*WHAT IS NEEDED:* This task calls for the lines below starting at the one containing "He stared at" and ending at the one containing "BIRINCHI TАRTIBLI DIFFЕRЕNSIАL", repeated exactly with both ends kept and pictures left out.

*RECORD EXCERPTS:*

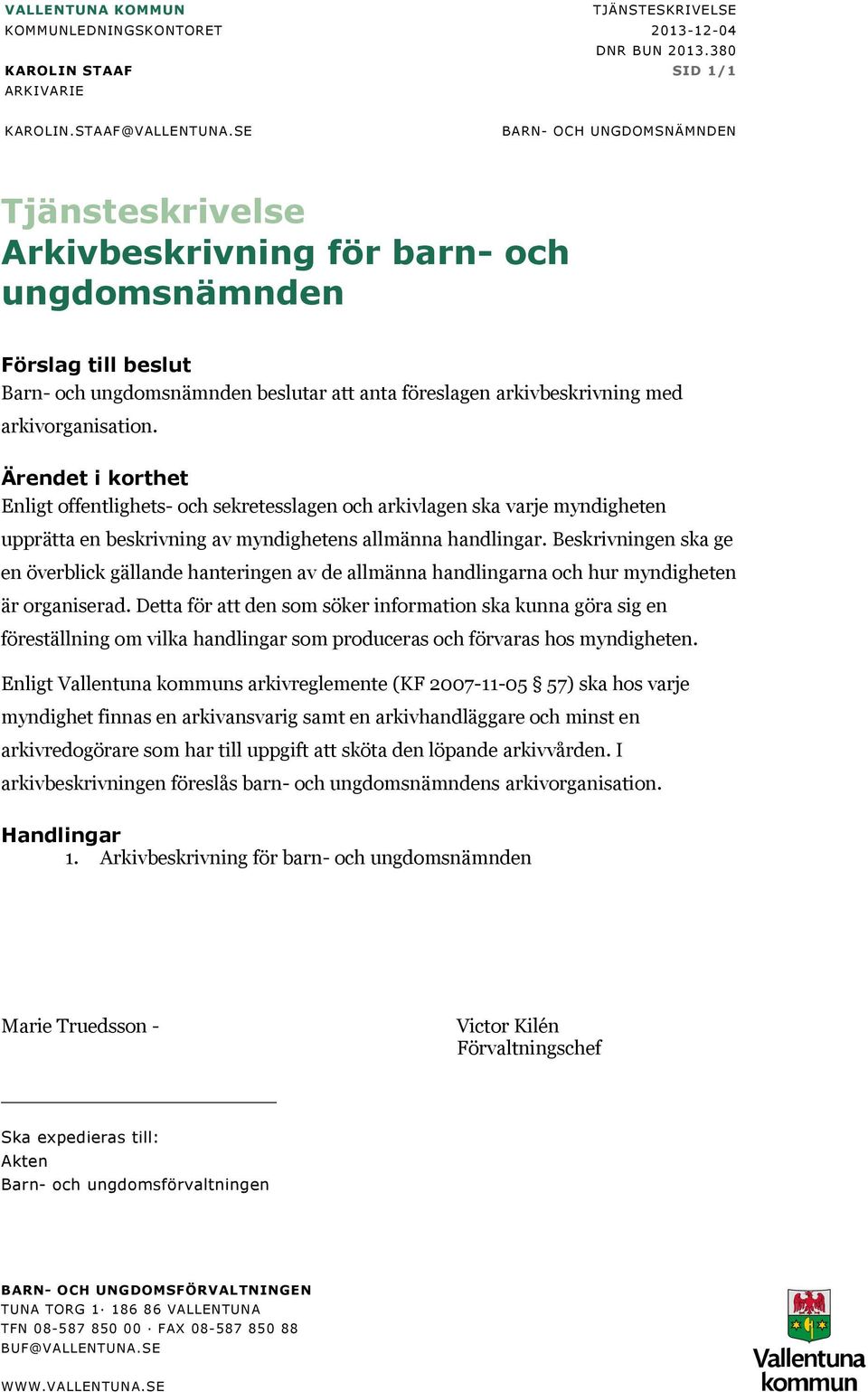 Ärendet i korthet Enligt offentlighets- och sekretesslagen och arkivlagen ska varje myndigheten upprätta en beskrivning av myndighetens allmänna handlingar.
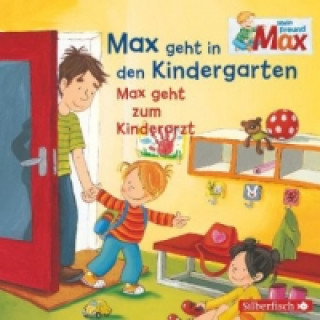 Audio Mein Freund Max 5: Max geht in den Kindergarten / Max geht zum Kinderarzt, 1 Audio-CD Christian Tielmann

--

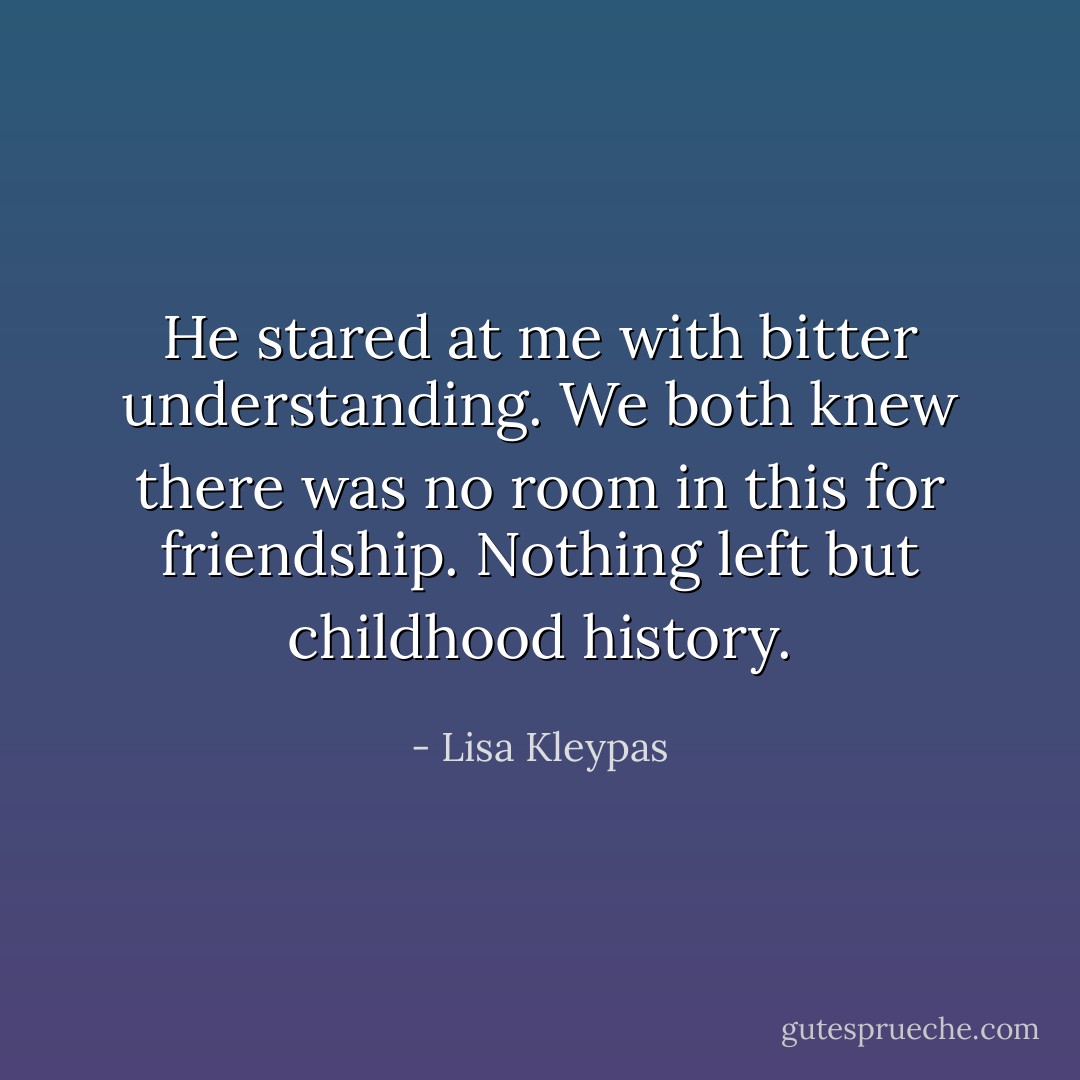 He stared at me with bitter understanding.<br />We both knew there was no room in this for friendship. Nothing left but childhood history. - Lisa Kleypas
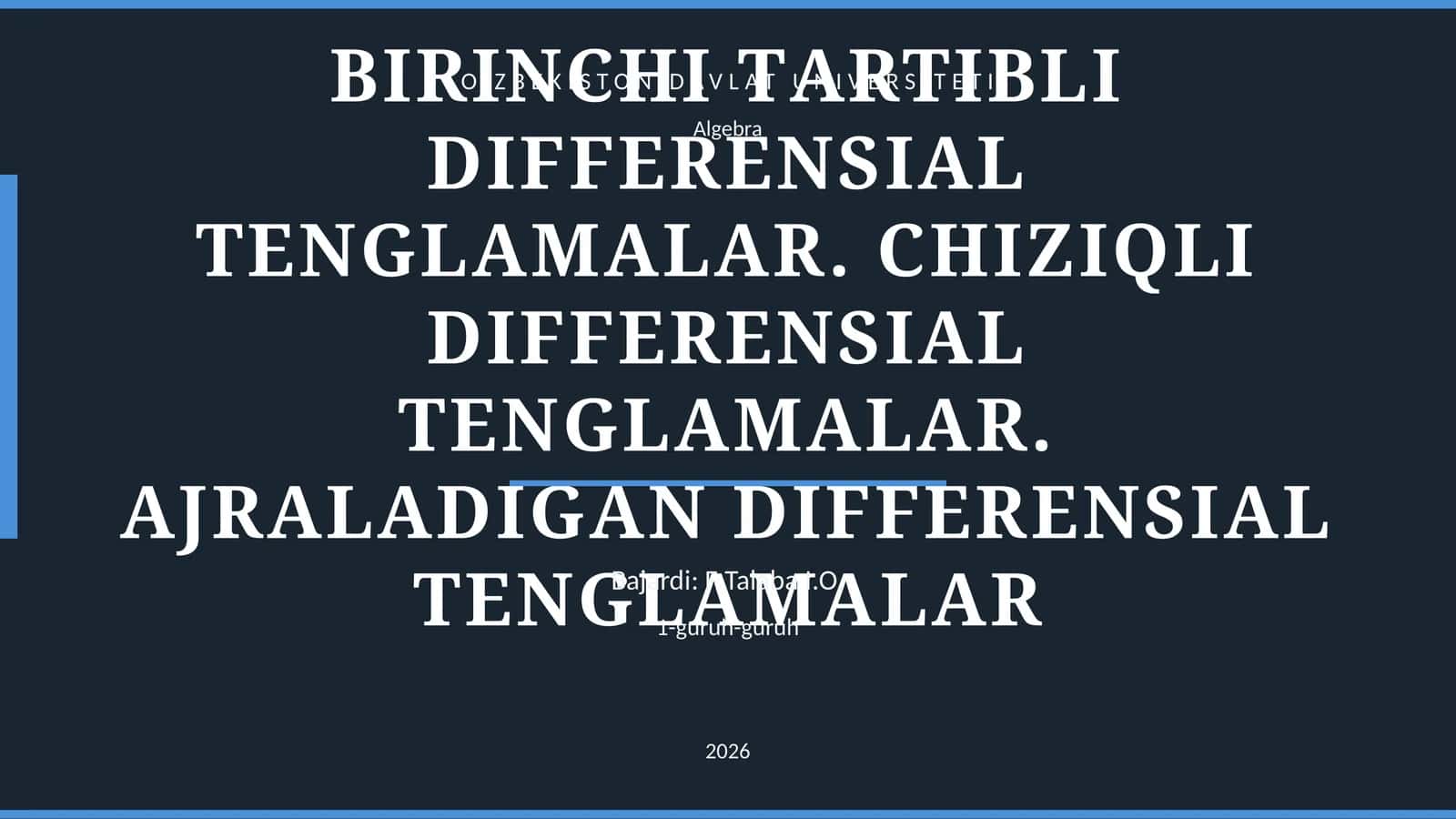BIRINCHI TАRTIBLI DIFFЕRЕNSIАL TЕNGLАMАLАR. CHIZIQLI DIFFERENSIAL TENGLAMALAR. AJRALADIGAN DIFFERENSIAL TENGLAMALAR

*FINISHED TASK:*
 He stared at me with bitter understanding.<br />We both knew there was no room in this for friendship. Nothing left but childhood history. - Lisa Kleypas
BIRINCHI TАRTIBLI DIFFЕRЕNSIАL TЕNGLАMАLАR. CHIZIQLI DIFFERENSIAL TENGLAMALAR. AJRALADIGAN DIFFERENSIAL TENGLAMALAR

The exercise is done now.